Provisioned (Session 5 Phase 3)

  • Fabric workspace scribe_iq_lakehouse_fabric (Central US)
  • Schema-enabled lakehouse scribe_iq_lakehouse_fabric
  • Environment scribe-iq-lakehouse-env (Runtime 1.3, Spark 3.5, Delta 3.2) with 4 PyPI deps + the scribe_iq_lakehouse-0.1.0 core wheel published.
  • IDs live in local .env (gitignored) / GitHub fabric-prod secrets — never in committed files.

Tests

128 passed, 1 skipped (@pytest.mark.fabric without FABRIC_TENANT_ID). 122 core + 5 fabric offline + 1 fabric behaviour (skipped). All Phase 1–3 code files ruff + black clean.

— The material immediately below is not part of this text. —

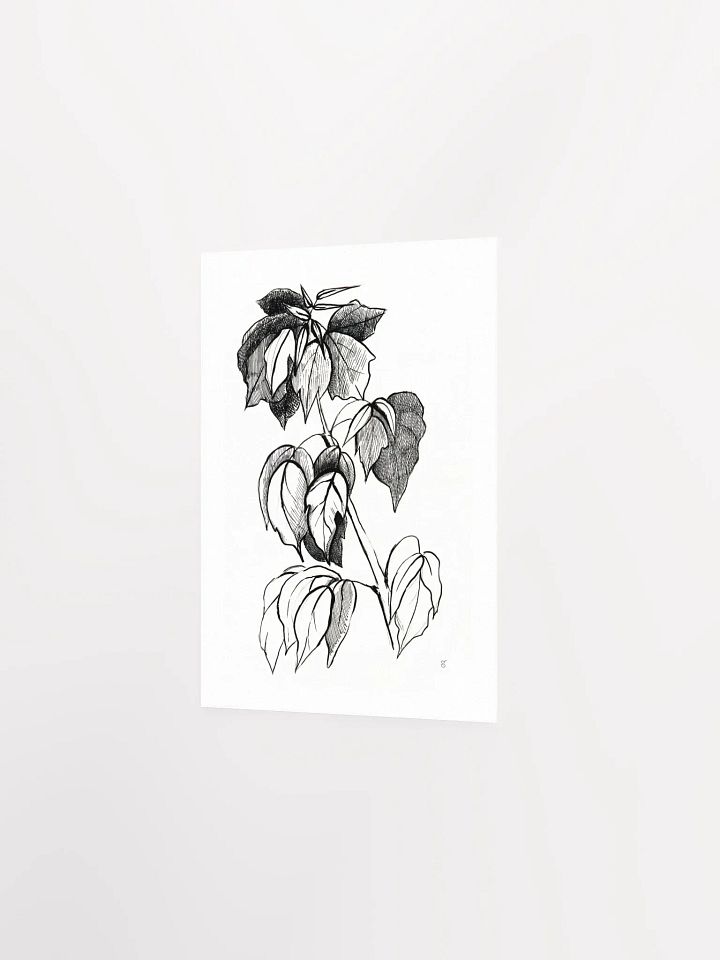 Botanical Bliss Matte Poster - Stylish Graphical Twig product image (2)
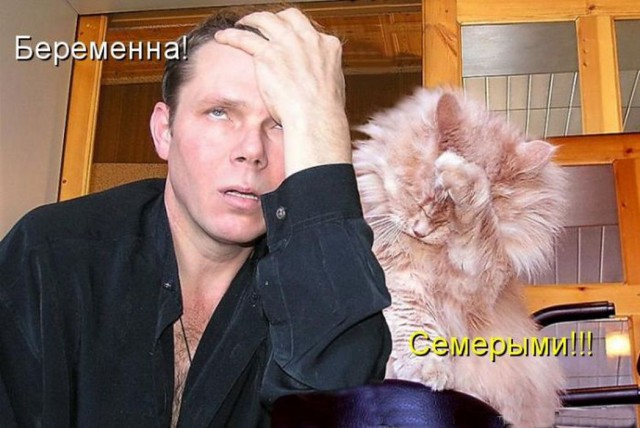 Картинки из инета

Session 4.5 — Multi-platform repo reorg (core/ + fabric/)

Added

  • ADR-017 (multi-platform repo layout) and ADR-018 (CI/CD monorepo, core as wheel).
  • docs/roadmap/multi-platform-reorg.md — full planning doc behind the reorg.
  • Top-level fabric/ domain: platform.py stub, notebooks/, environments/lakehouse_env.yml, deploy/{upload_wheel.py,fabric_cicd_config.yml}, tests/test_fabric_platform.py, docs/{DEPLOYMENT.md,SCREENSHOTS.md}, scripts/capture_lineage.py. The stub raises NotImplementedError on every method so accidental Fabric dispatch fails loudly.
  • .github/workflows/: core-pr-tests.yml, core-build.yml, fabric-deploy.yml (skeleton); databricks-deploy.yml.disabled and aws-deploy.yml.disabled as visible templates.
  • One-way dependency rule (core/ never imports from any platform tier) enforced by CI grep.

Changed

  • local/core/ (via git mv, history preserved). core/ now bundles the platform-agnostic kernel + core/platform/local_lite.py (LocalLite impl) + core/orchestration/dagster/ + core/surfaces/cli/pipeline.py + core/tests/ + core/scripts/ + core/docs/.
  • Imports rewritten: from local.Xfrom core.X across all Python, docstrings, and top-level docs. Factory strings for fabric/databricks/aws/gcp now point outside core/ (e.g., "fabric.platform.FabricPlatform").
  • pyproject.toml: package discovery ["core*", "fabric*"]; testpaths ["core/tests", "fabric/tests"]; [tool.dagster] module_name = "core.orchestration.dagster.definitions".
  • CLAUDE.md, .claude/rules/transforms.md, .claude/rules/notebooks.md: paths and cross-domain-import rule updated.
  • README: new "Repository layout" section with two-domain tree + "See also" link to the separate fabric-lakehouse-hls-readmission repo.
  • core/scripts/gen_*.py: _REPO_ROOT climbs one extra level (parent.parent.parent) now that scripts live one directory deeper.

Tests

  • 122 core tests still pass; 4 new fabric/tests/test_fabric_platform.py contract tests verify FabricPlatform subclasses LakehousePlatform, implements every abstract method, and that every method currently raises NotImplementedError. Total: 126 passing.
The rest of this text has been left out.